57.6 httpx: Async-Capable HTTP Client
The httpx library is a modern, feature-rich HTTP client for Python that supports both synchronous and asynchronous operations. It was designed to address limitations in the popular requests library, most notably the lack of native async/await support. Built to be a next-generation client, it provides a clean, intuitive API that will feel familiar to requests users while offering significant performance benefits for I/O-bound applications through its async capabilities. Its design philosophy centers on being versatile, supporting HTTP/1.1 and HTTP/2, and providing comprehensive features like connection pooling, SSL verification, proxies, cookies, and streaming.
Synchronous vs. Asynchronous Usage
The core strength of httpx is its dual nature. For simple scripts or applications where concurrency is managed by other means (e.g., threading), the synchronous API is perfectly suitable and mirrors the requests API almost exactly. You import and use it directly.
import httpx
# Synchronous request
response = httpx.get('https://httpbin.org/json')
print(response.status_code)
print(response.json())
However, for high-performance applications that make many HTTP calls, the asynchronous API is transformative. It allows you to efficiently perform many network operations concurrently within a single thread by leveraging Python’s asyncio library. Instead of blocking the entire program while waiting for a server response, the event loop can pause the async function and work on other tasks. To use it, you must operate within an async context, using async with to manage the client’s lifecycle.
import httpx
import asyncio
async def main():
async with httpx.AsyncClient() as client:
response = await client.get('https://httpbin.org/json')
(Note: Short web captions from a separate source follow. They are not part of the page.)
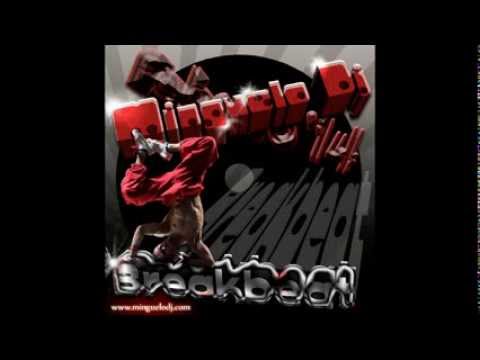 Minguelo Dj - Sesion Breakbeat 'Febrero 2014' (Sevilla Breaks Vol. 1)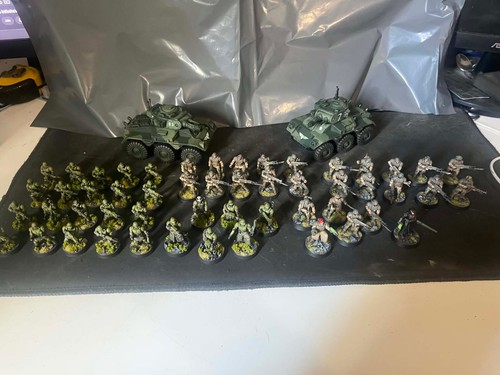 Warhammer 40k astra guardia - warhammer,
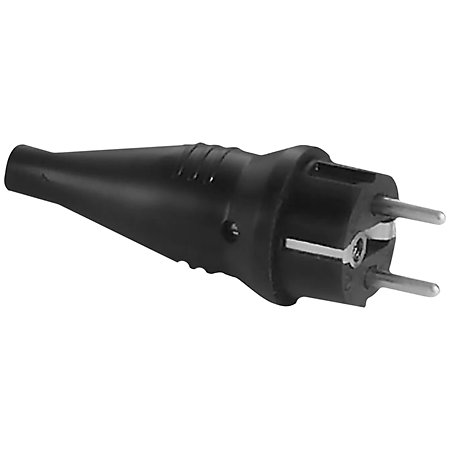 ABL Rubber Schuko Male Showgear
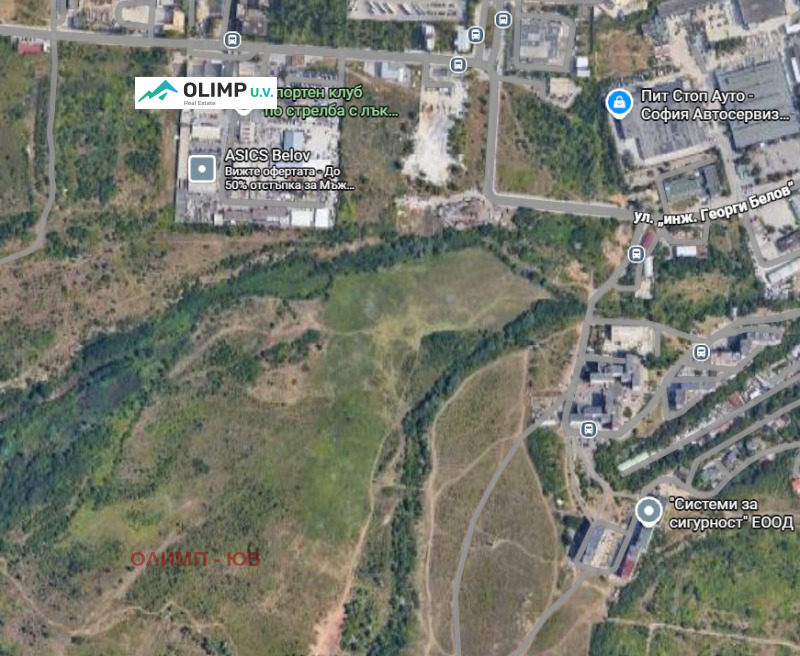 Продава ПАРЦЕЛ, гр. София, Горубляне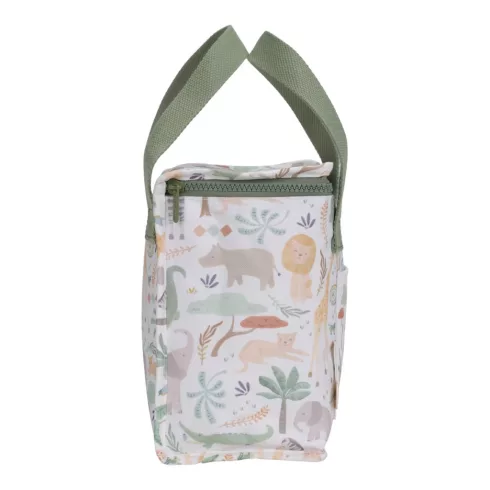 LD4922-1.webp Little Dutch hűtőtáska - Safari Friends – baba étkezés kellék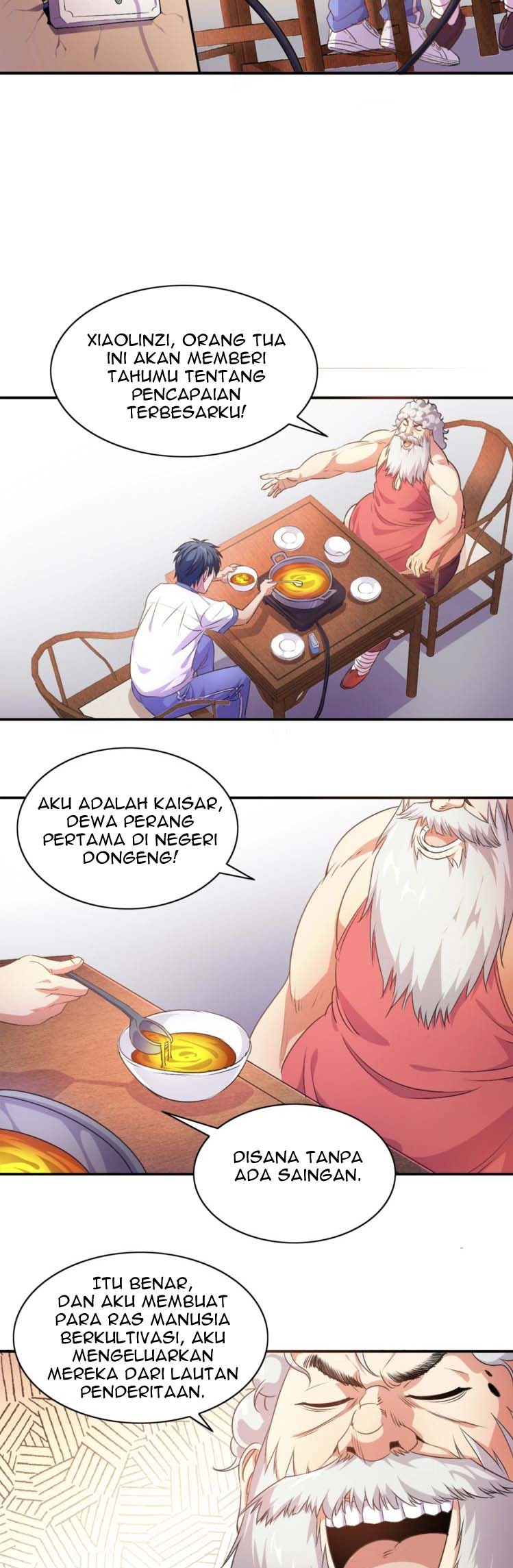 Nine-years Obligation Cultivate - Chapter 1 16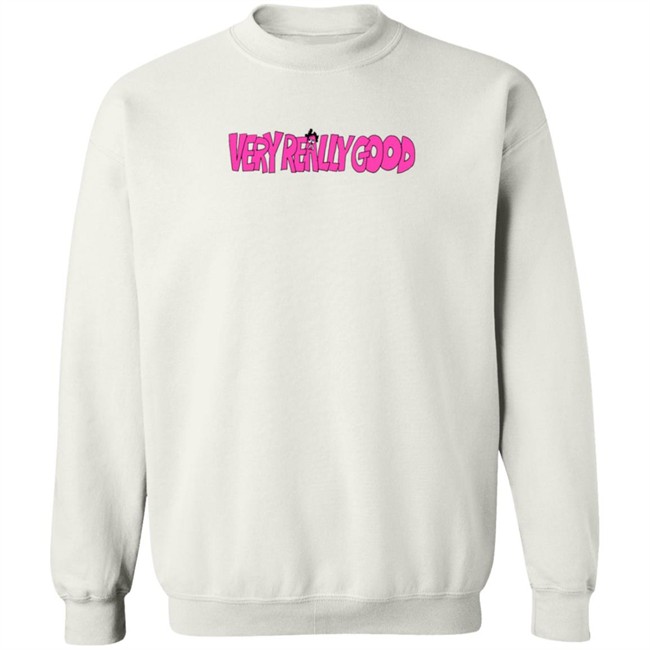 Kurtis Conner Merch Very Really Good Cartoon Tee Shirt Kurtis Conner Merch Very Really Good Cartoon Tee Shirt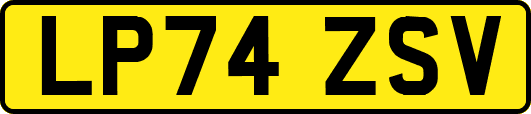 LP74ZSV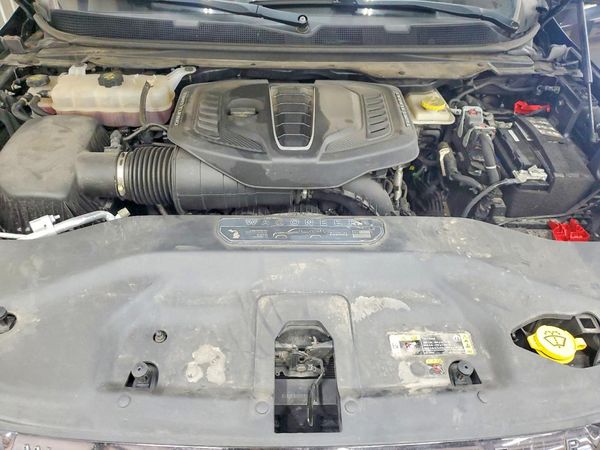 2024 JEEP GRAND WAGO Series II — Engine bay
print(response.status_code)
print(response.json())
asyncio.run(main())
The AsyncClient is the gateway to non-blocking requests. The await keyword is crucial; it yields control back to the event loop, allowing other coroutines to run while the network I/O completes in the background. Forgetting to await the call is a common mistake that results in a coroutine object instead of a response.
The Client Object and Connection Pooling
While you can use one-off functions like httpx.get(), creating a Client or AsyncClient instance is a critical best practice for any non-trivial application. The primary reason is connection pooling. When you create a client, it maintains a pool of reusable connections to hosts. This eliminates the overhead of establishing a new TCP (and potentially TLS) connection for every single request, dramatically improving performance.
# Inefficient: New connection for each request
for i in range(10):
httpx.get('https://example.com/api/items') # 10 separate connections
# Efficient: Reuses connections from the pool
with httpx.Client() as client: # Context manager ensures proper cleanup
for i in range(10):
client.get('https://example.com/api/items') # Likely 1 connection
The context manager (async with for AsyncClient) is highly recommended as it ensures connections are closed gracefully when you’re done with the client. Failing to properly close the client can lead to resource warnings or unclosed connections.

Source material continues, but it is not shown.